Task objective> Copy, exactly as written, the lines that begin at the one containing "Blackview BV9700 Pro" and end at the one containing "Stater Bros Pillsbury". Skip any pictures in the data below.

Data under study>
[Start of section]

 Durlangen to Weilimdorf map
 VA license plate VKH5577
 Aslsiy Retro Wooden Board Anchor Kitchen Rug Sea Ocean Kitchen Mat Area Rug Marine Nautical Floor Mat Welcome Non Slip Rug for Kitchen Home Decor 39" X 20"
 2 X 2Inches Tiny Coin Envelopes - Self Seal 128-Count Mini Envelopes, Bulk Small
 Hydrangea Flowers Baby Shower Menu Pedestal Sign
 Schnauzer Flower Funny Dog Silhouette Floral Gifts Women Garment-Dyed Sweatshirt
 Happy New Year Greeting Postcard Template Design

[End of section]
[Start of section]

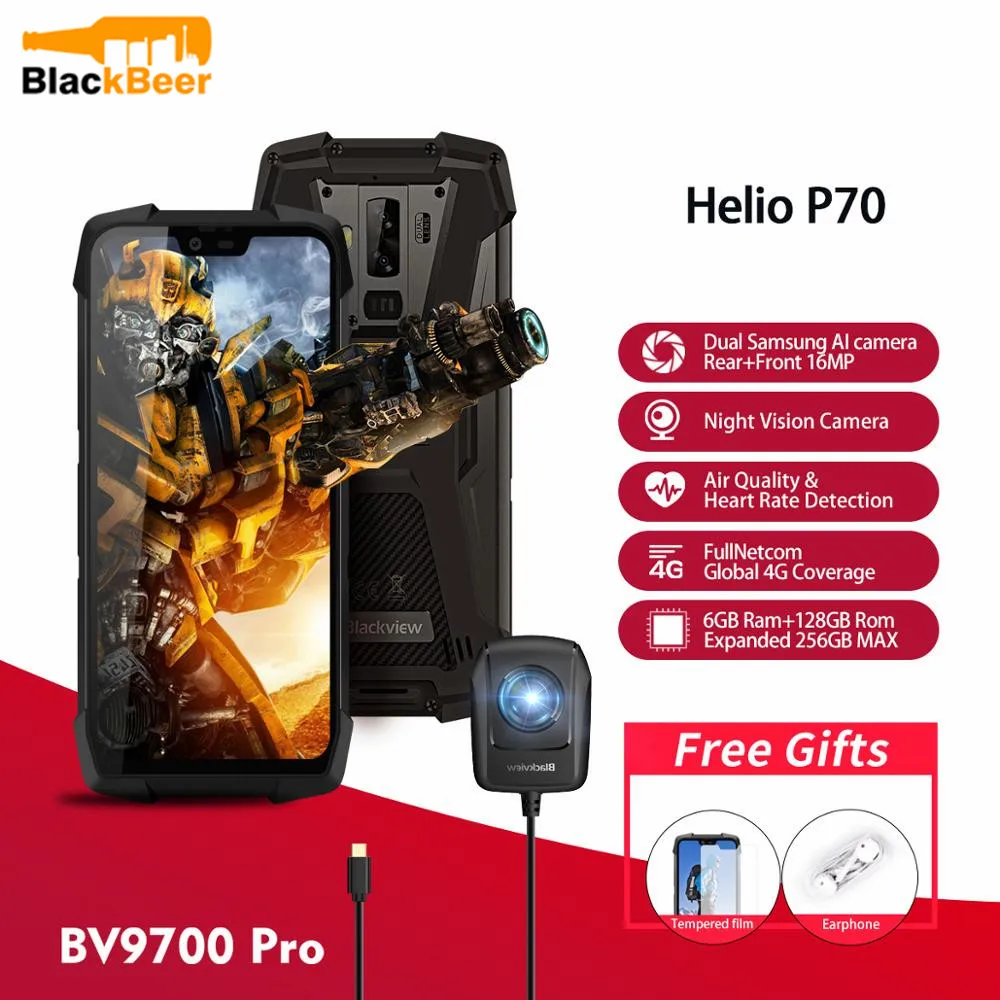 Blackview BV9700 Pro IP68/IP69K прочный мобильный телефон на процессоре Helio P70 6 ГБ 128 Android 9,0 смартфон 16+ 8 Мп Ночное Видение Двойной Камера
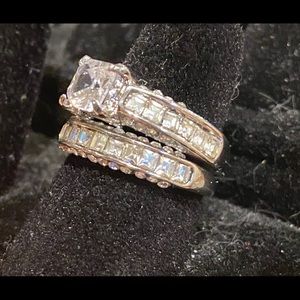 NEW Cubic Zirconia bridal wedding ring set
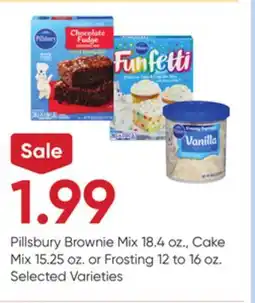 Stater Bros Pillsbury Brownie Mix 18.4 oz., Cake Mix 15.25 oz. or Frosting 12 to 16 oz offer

[End of section]

Your response>
 Blackview BV9700 Pro IP68/IP69K прочный мобильный телефон на процессоре Helio P70 6 ГБ 128 Android 9,0 смартфон 16+ 8 Мп Ночное Видение Двойной Камера
 NEW Cubic Zirconia bridal wedding ring set
 Stater Bros Pillsbury Brownie Mix 18.4 oz., Cake Mix 15.25 oz. or Frosting 12 to 16 oz offer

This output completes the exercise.